Teaching for Understanding (Part 1 => Generative Topics)

In the next four posts in this series on understanding (here are the links to the first and second), I shall discuss a framework that teachers could adopt to take a step towards teaching for the deeper understanding that I wrote about in the previous post.

Outline of the framework

The teaching for understanding (TfU) framework describes a cyclical, reflective and non-linear process (Wiske, 1998) that teachers and children engage in with the goal of developing a deeper understanding of concepts. The TfU framework is built around the following fundamental questions that teachers ask themselves while planning and executing an instructional unit:

1. What topics are worth understanding? [Generative Topics]
2. What are the enduring concepts in these topics that need to be understood? [Understanding Goals]
3. What are the overarching goals that teachers and children want to achieve over the course of the academic year? [Throughlines]
4. How can teachers help children demonstrate their understanding? [Performances of Understanding]
5. How can teachers gauge what children understand? [Ongoing Assessment]

Each element of the TfU framework invokes the other and adds more nuance to it (Wiske, 1998). For example, a clear articulation of what constitutes good performances of understanding helps both teachers and students clarify understanding goals. 

In this post, I shall explore generative topics in more detail.

Generative Topics

Generative topics are those that are central to a subject or discipline while being accessible and interesting to teachers and children (Wiske, 1998). These topics are connectable to other concepts within and across the discipline and build children's structural knowledge i.e. the way they organise and make meaning of links between concepts in their long term memory (Grotzer, 2002).

One key feature of generative topics is that they include bottleneck concepts - concepts that are fundamental to understanding higher concepts in the discipline. For example:

• children comprehending the need for variables and knowing what they can represent is foundational to algebra;
• children understanding the role that perspective plays in deciding how a story is presented in history is essential to making sense of any historical event;
• children grasping the idea of matter in chemistry and the work of different scientists in building that bank of knowledge is key to them appreciating any chemical reaction;
• children learning the strategies of making inferences in English so that they can analyse any poem or text.

T. Grotzer (classroom discussion, February 2, 2018) emphasised that generative topics should pique both the teacher's and child's interests. In some cases, these topics can be centred around an intentional tension where a child's existing knowledge is insufficient to tackle a new problem/situation which, in turn, prompts him/her to want to learn (Strike & Posner, 1985). For instance, taking 5 from 3 requires children to move beyond their existing knowledge of whole numbers into the world of negative numbers.

Inviting children to explore implications of what they are learning can further engage them.
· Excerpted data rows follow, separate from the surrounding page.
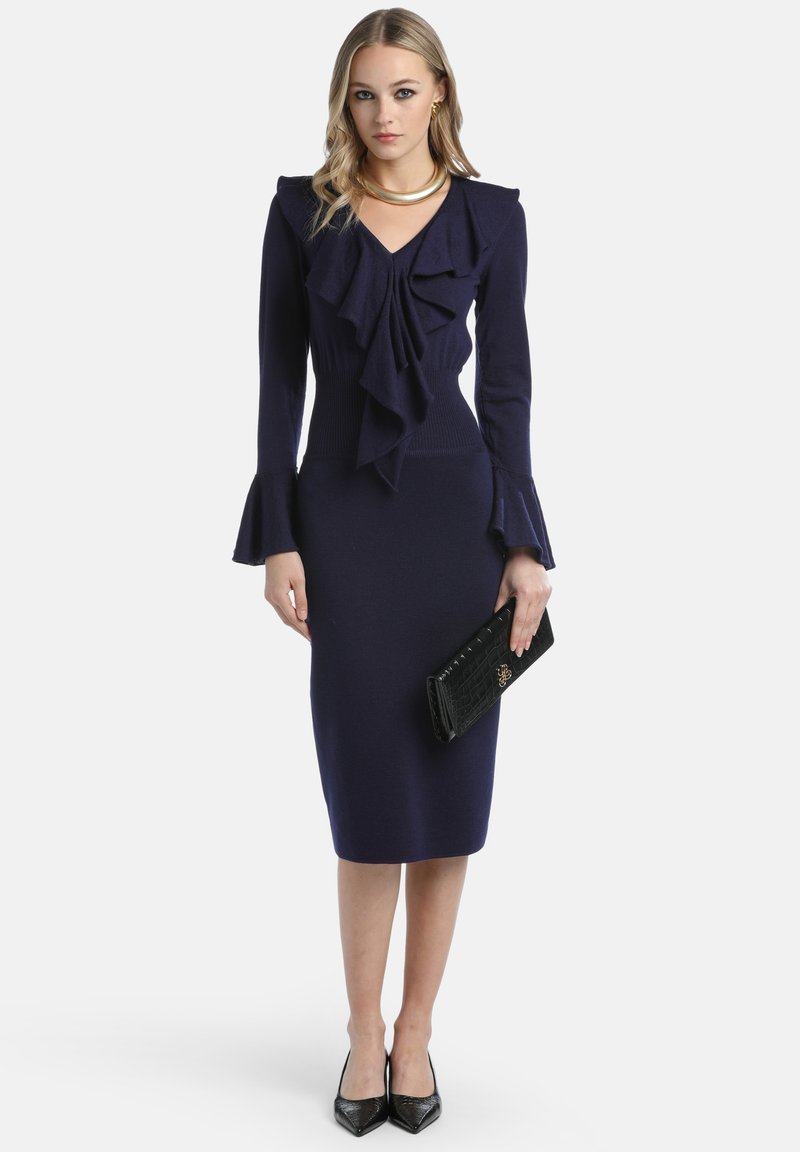 Mornarice oblečena obleka z nabranim ovratnikom in zvončastimi rokavi, narejena iz mehke tkanine. V kombinaciji s črno torbico in čevlji z visoko peto.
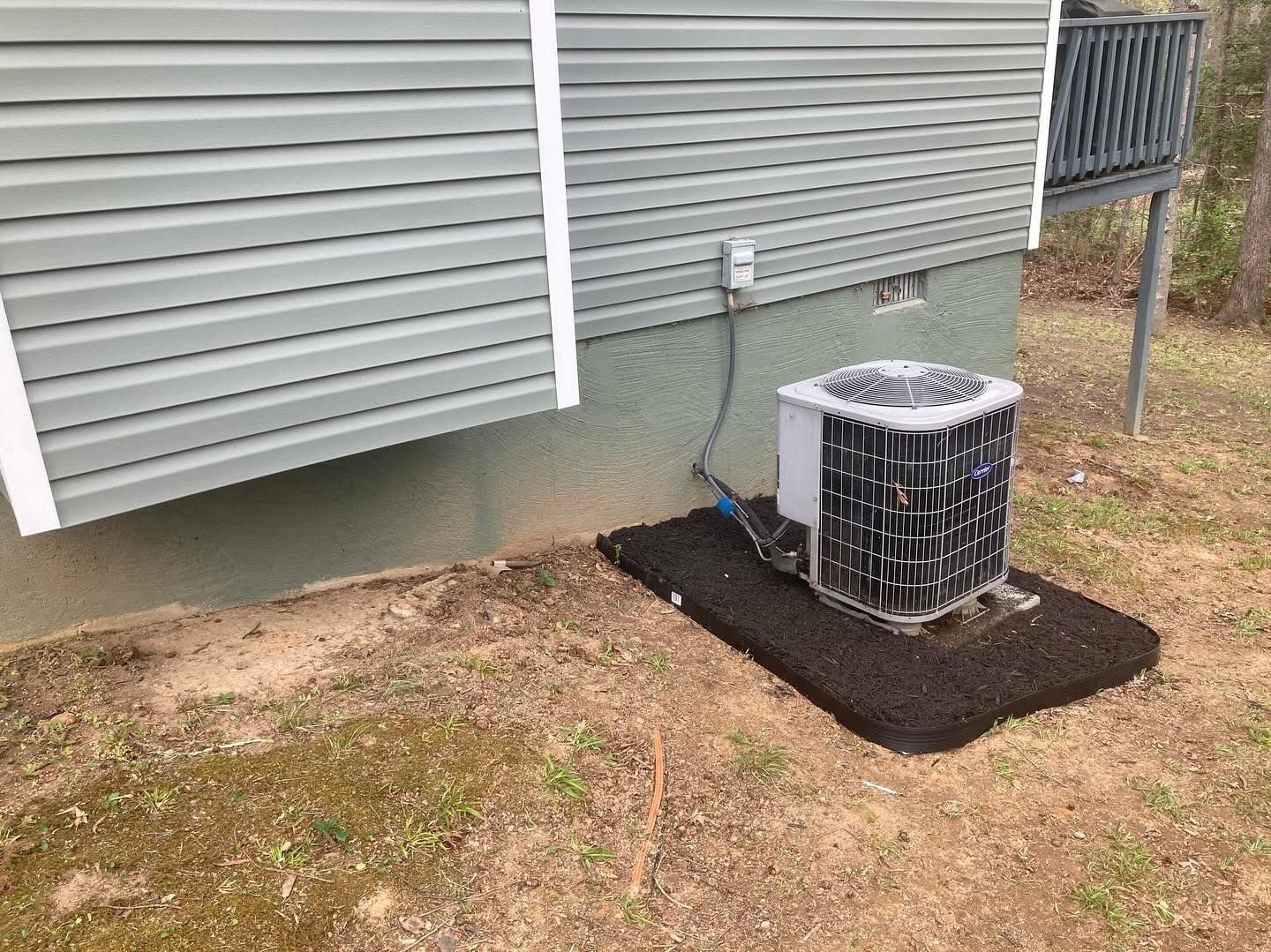 Air conditioner unit on a dark pad next to a house with gray siding.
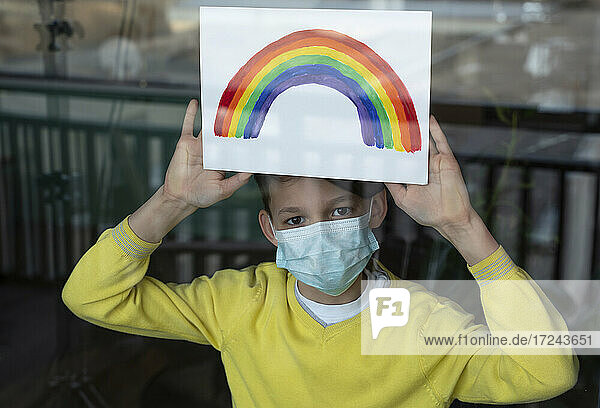 Junge mit Regenbogen auf Papier  der während der Pandemie eine Schutzmaske trägt  gesehen durch Glas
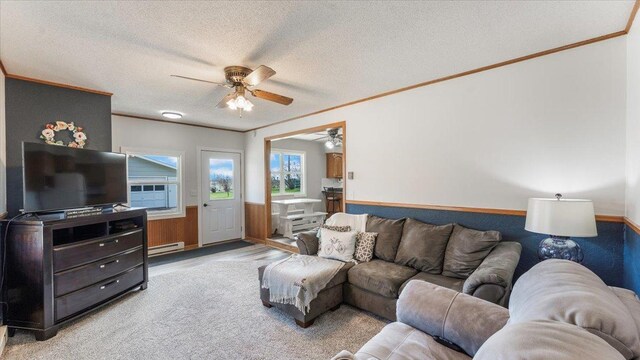 living area with crown molding, ceiling fan, baseboard heating, and a textured ceiling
For example, instead of simply asking "what causes day and night?", how about have children ponder the following...?

Or, instead of asking "what base number system do we commonly use?", how about asking "what will change if we change the base of our number system?" or "why is zero important?"

Or, instead of ordering children to follow the school rules, how about asking them "how would our school be different if we didn't have rules?"

Or, instead of "what does a cartographer do?", ask them "how does a cartographer's choice impact our view of the world?" along with showing them these images...

Image source: https://i0.wp.com/geoawesomeness.com/wp-content/uploads/2017/04/Map-projections-net-comparison-1.png?resize=640%2C328&ssl=1

I would like to outline some tips that I learned at graduate school about framing generative topics. Take a look at the infographic below that uses the map example. One or more of these questions can be used as the basis for exploration.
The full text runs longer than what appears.